The short version of OODA is that it allows you to get inside the heads of adversaries, unsettle their worldview (by disrupting their schemes for observation, orientation, decision making, and action), and come out on top. Boyd developed his ideas in part by dogfighting: he had a standing bet that he could start with any other fighter pilot on his tail and, within forty seconds, be on that pilot's tail. He never lost the bet. (This earned him the nickname "Forty Second" Boyd.)

There have been roughly a bajillion applications of Boyd's work to the business world, some of which I'll be posting here. For now, here's a link to "Boyd and Military Strategy", which itself points to more of Boyd's work (most of which I haven't even read yet).

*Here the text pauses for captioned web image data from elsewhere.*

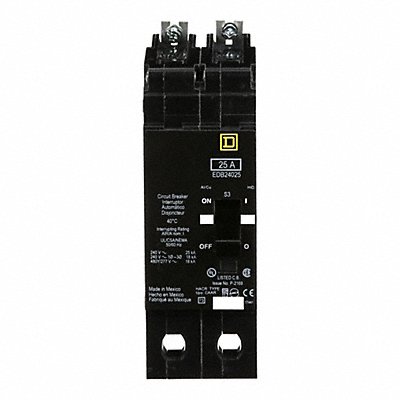 SQUARE D EDB24025 Circuit Breaker 25A Bolt On 277/480V 2P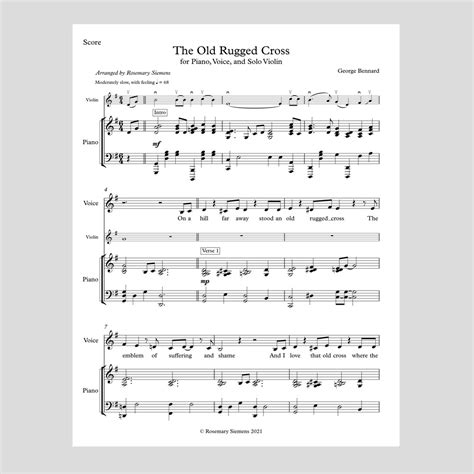 Printable Free Printable Printable The Old Rugged Cross Sheet Music ...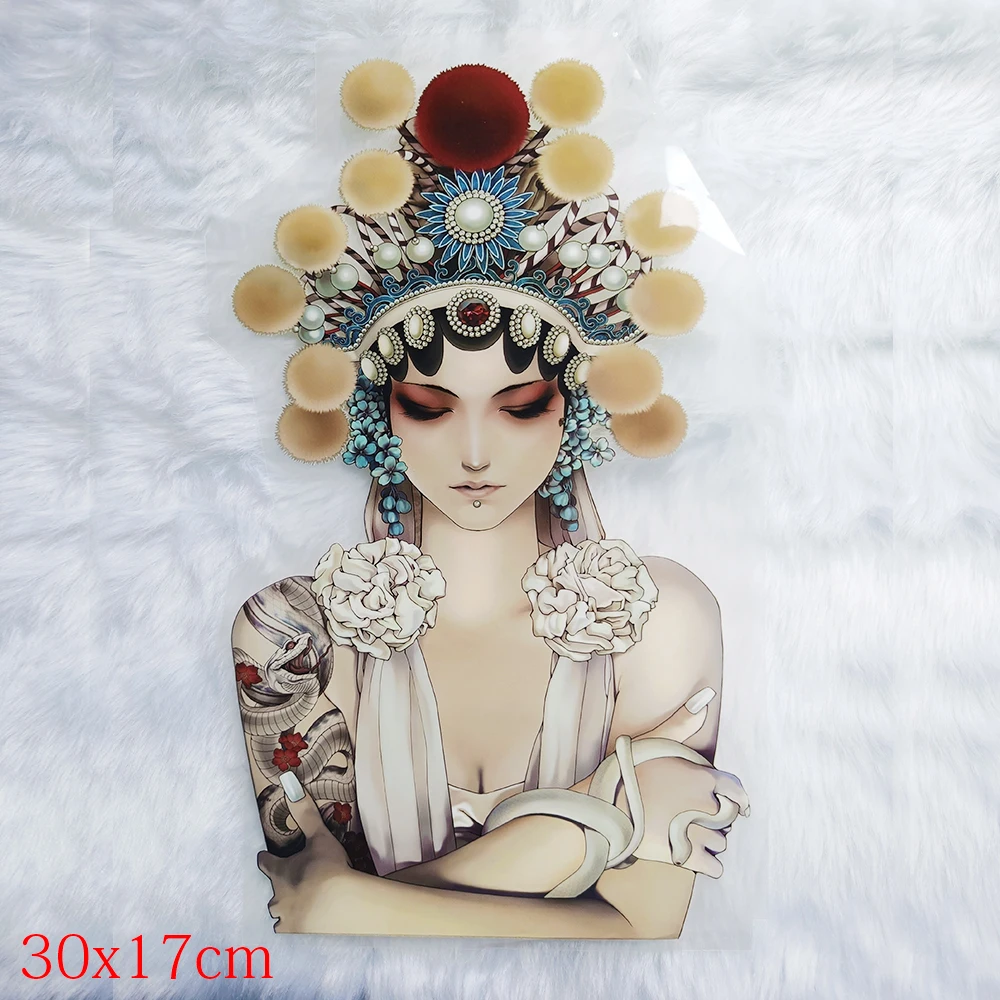 Chinese Style Peking Opera Facial Makeup Hot Stamping Huadan Costume Heat Transfer Printing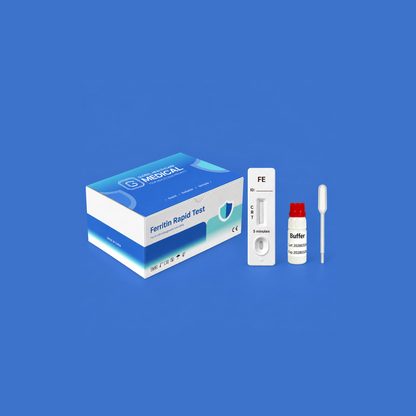Global Healthcare Medical GHM Ferritin Semi-Quantitative Rapid Test US - Colloidal gold immunochromatography kit for semi-quantitative detection of human ferritin in whole blood, serum, or plasma specimens with 5-minute results, 94.7% sensitivity and 95.2% specificity, CE marked and ISO 13485 certified for professional point-of-care use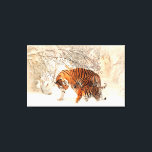Toile Tigres<br><div class="desc">Les tigres en hiver La toile brillante de Zazzle est faite d'un mélange coton-poly sans additif et dispose d'un revêtement spécial à l'encre qui protège la surface imprimée de la fissuration lorsqu'elle est étirée. Réalisées en tissage serré idéal pour tout œuvres d'art et photographie, le séchage instantané des toiles en...</div>
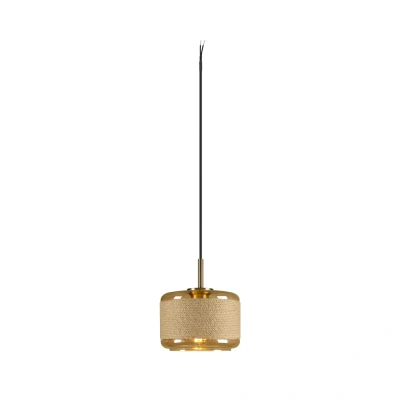 Image of SLV Pantilo Rope 19 hanging light, gold coloured, steel, Ø 18.5 cm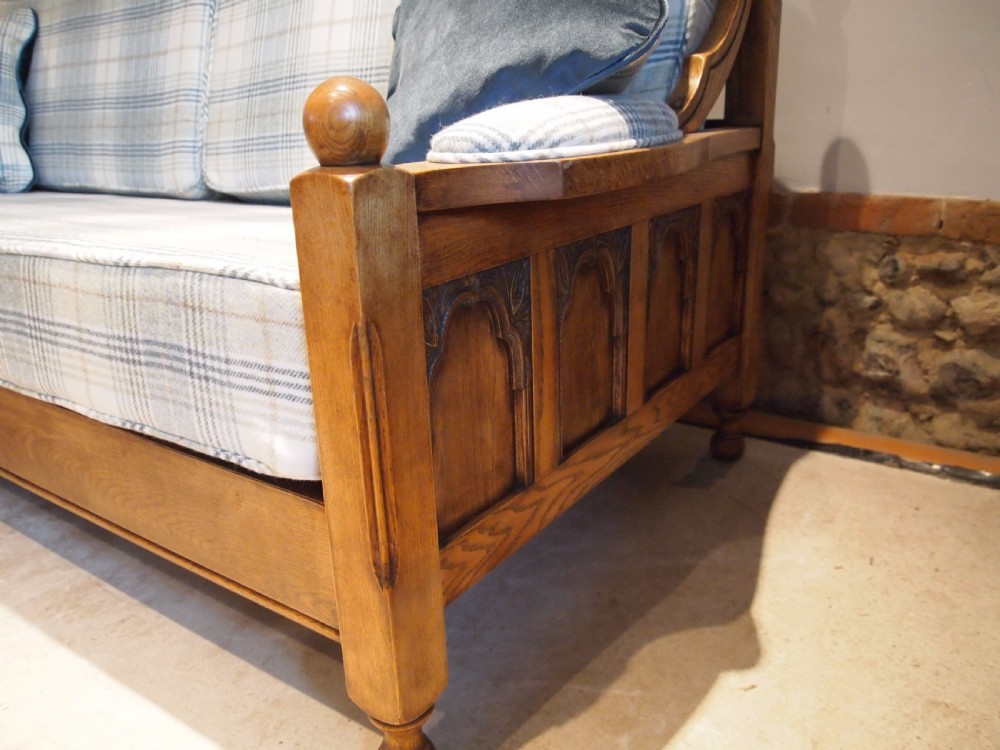 Sofa Settee 3 piece Oak arts and Crafts Gothic c1920 View XI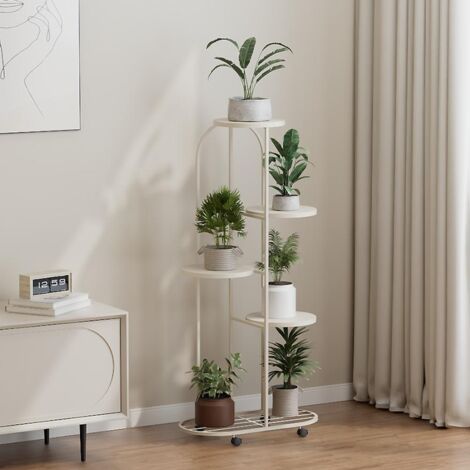 Support à fleurs style scandinave 5 niveaux - porte plante 5 étagères - métal - 50x25x140cm -blanc (1/5)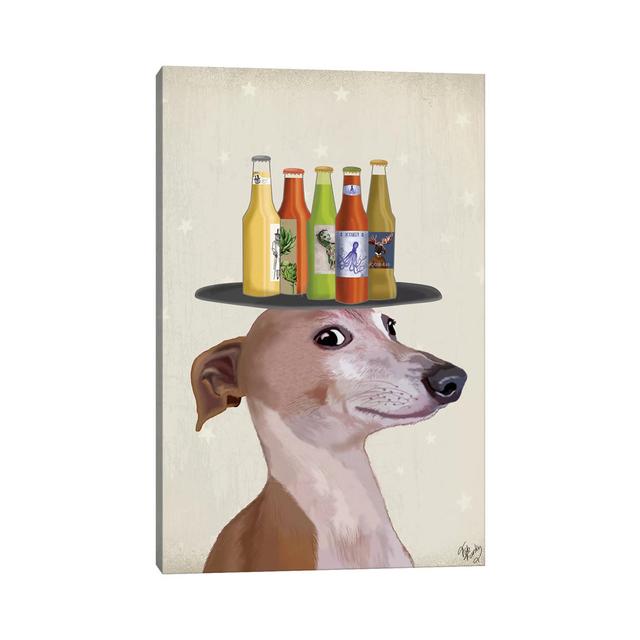 Greyhound Tan Beer Lover by Fab Funky - Wrapped Canvas Art Prints ClassicLiving Size: 45.72cm H x 30.48cm W x 1.905cm D on Productcaster.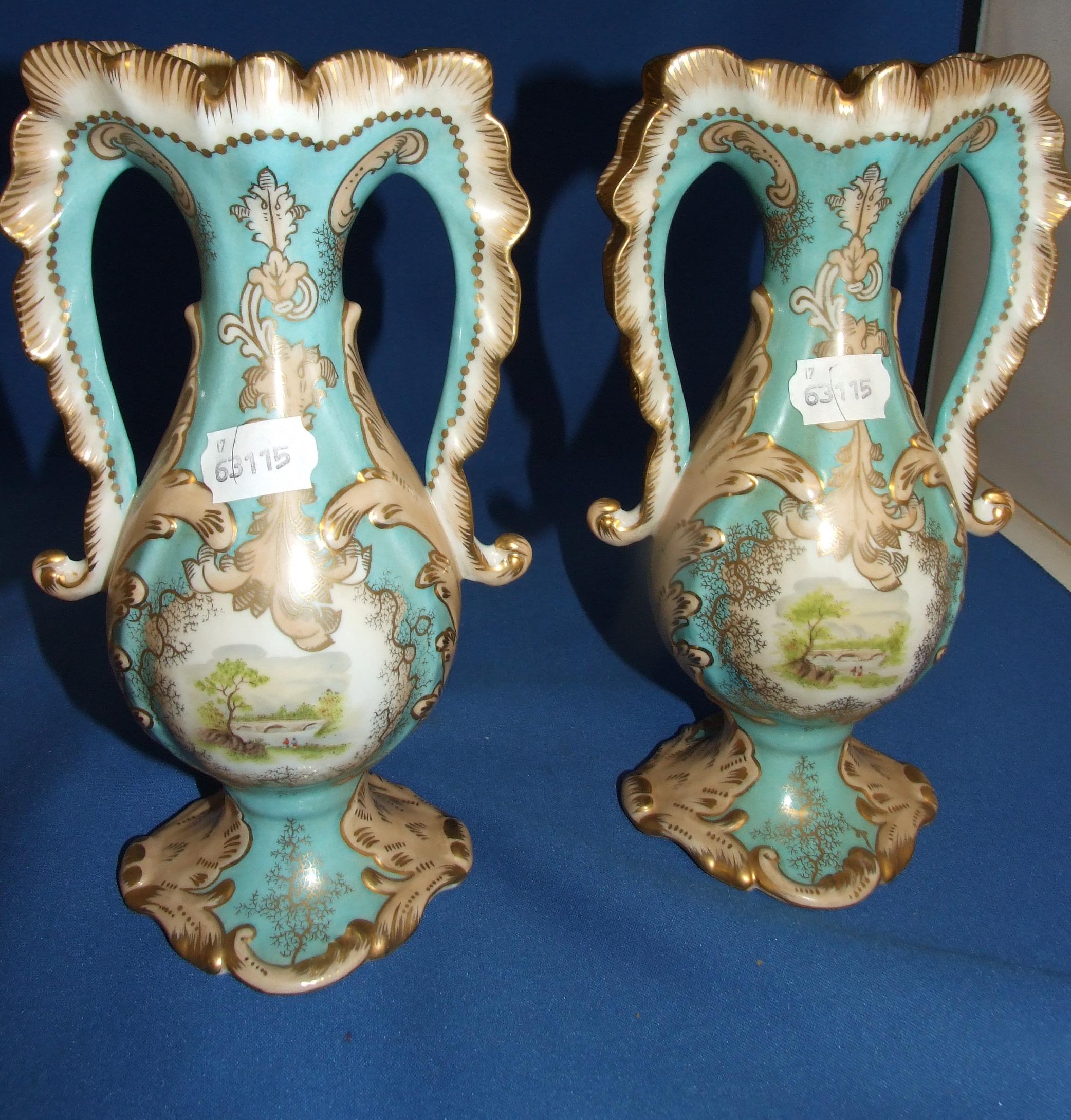 A pair of Victorian style vases, 26 cm high (2)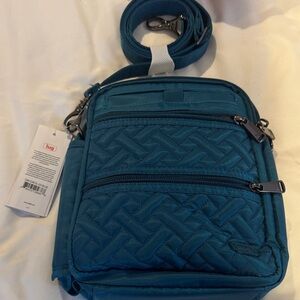 Lug Teal Quilted Crossbody Bag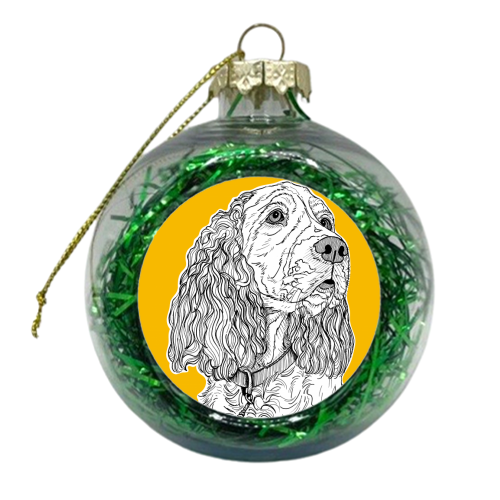 Spaniel Dog Portrait ( yellow background ) - xmas bauble by Adam Regester
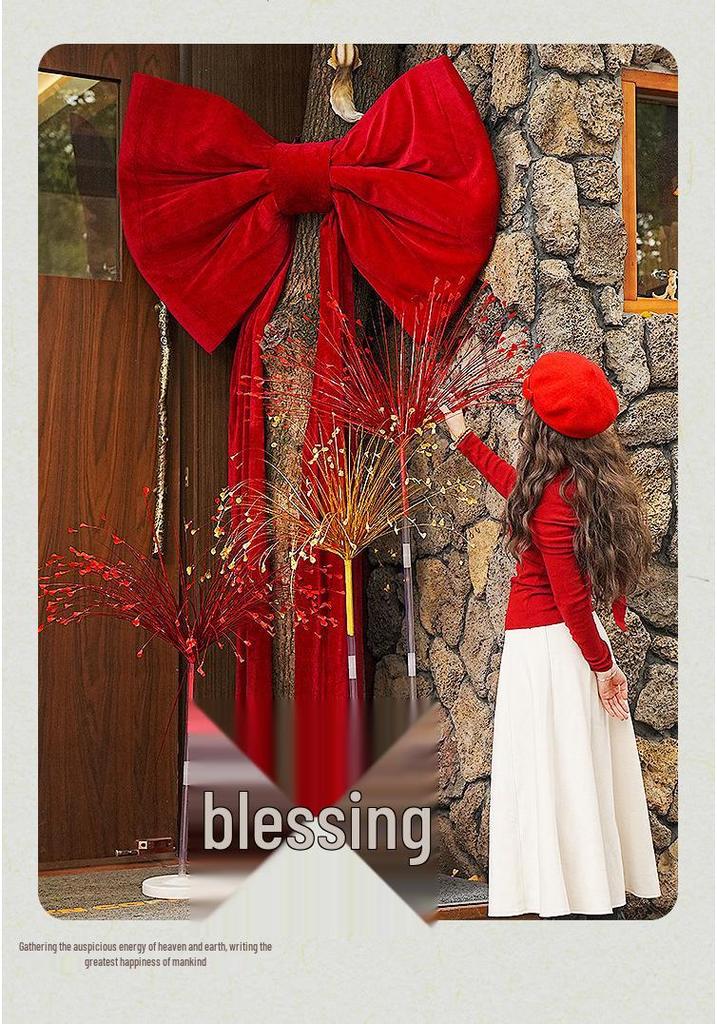 Red Velvet Bowknot: Large New Year & Christmas Decoration for Mall & Photo Background
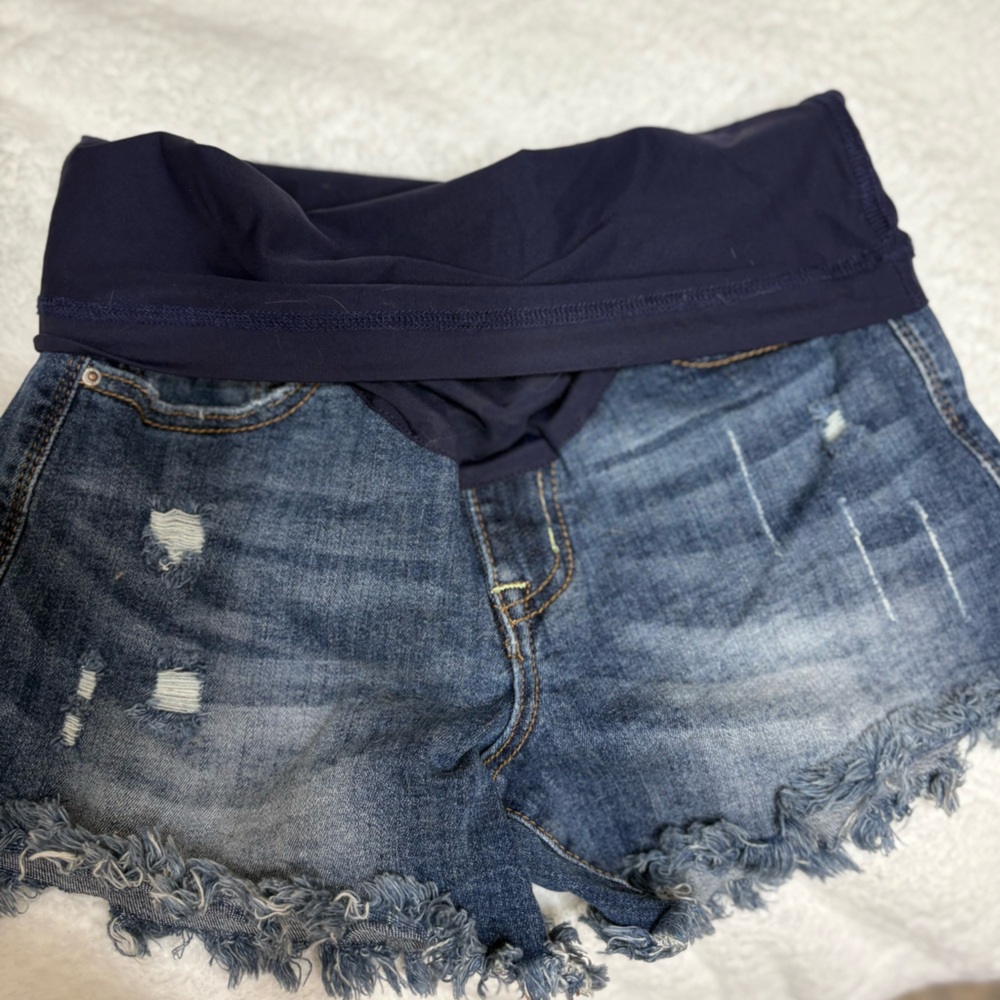 Pinkblush Denim Maternity Shorts with Navy Waistband Medium Stretch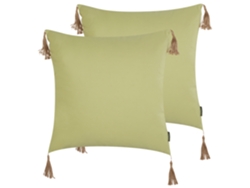 Cojines decorativos con borlas BELIANI Chmistar de Poliéster Verde 45x45x12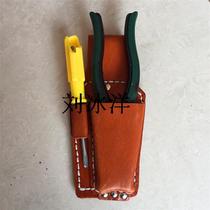 Special Price Bull Leather Belt Electrician Pliers Sleeve Two Holes Multifunction Kit Genuine Leather Leather Plug Layer Bull Leather Leather Sheath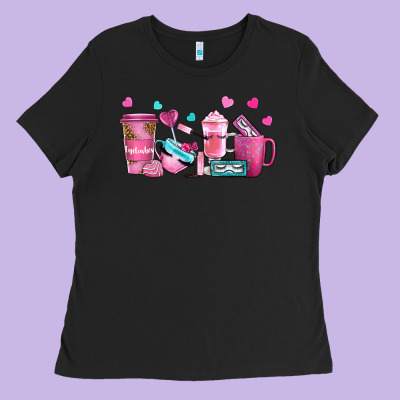 Lash Hustler With Eyelashes Coffee Cups Ladies Tee Designed By Nancycooperartshop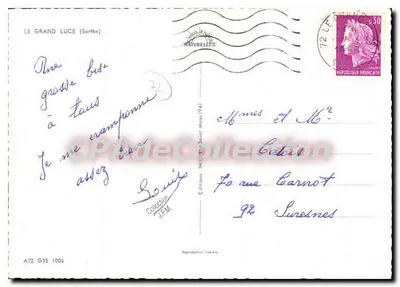 Le Grand-Lucé (Sarthe) — widok z lotnictwa miasta i jego kościoła — Éditions Saint-Maur (94) — Rewers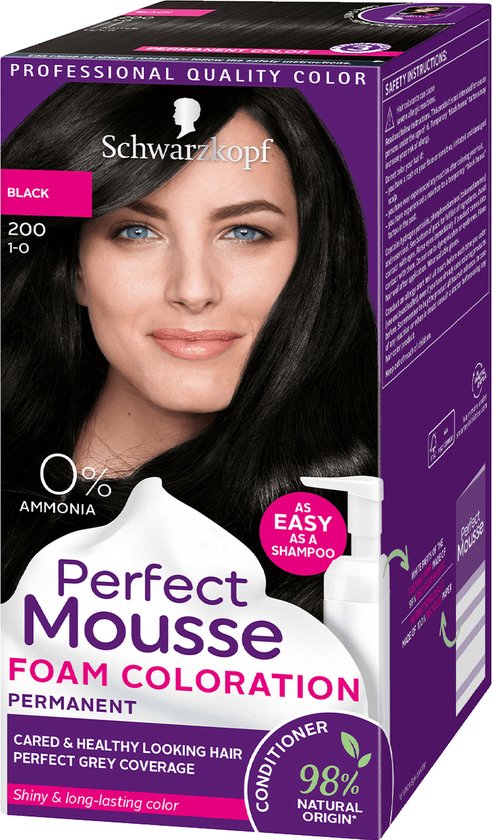 dikte Bonus Magazijn SCHWARZKOPF Permanent Hair Perfect Mousse 200 - Zwart | bol.com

My own interest in OODA is not so adversarial; what fascinates me most about it are two things: (1) its application to decision-making at a personal level, and (2) its emphasis on tempo in your actions. Boyd held that if you can increase the tempo by which you work through the OODA loop, you will always have an advantage over those competing against you. This idea, which traces its roots right back to Sun Tzu, is one that is far too often overlooked in business and in personal life: if you work a little more, a little better, a little more sprightly day by day, you'll come out miles ahead.

(Now that I think about it, this last idea meshes well with -- it could even be derived from -- Richard Hamming's amazing, mind-blowing "You and Your Research", about which I'll write more later.)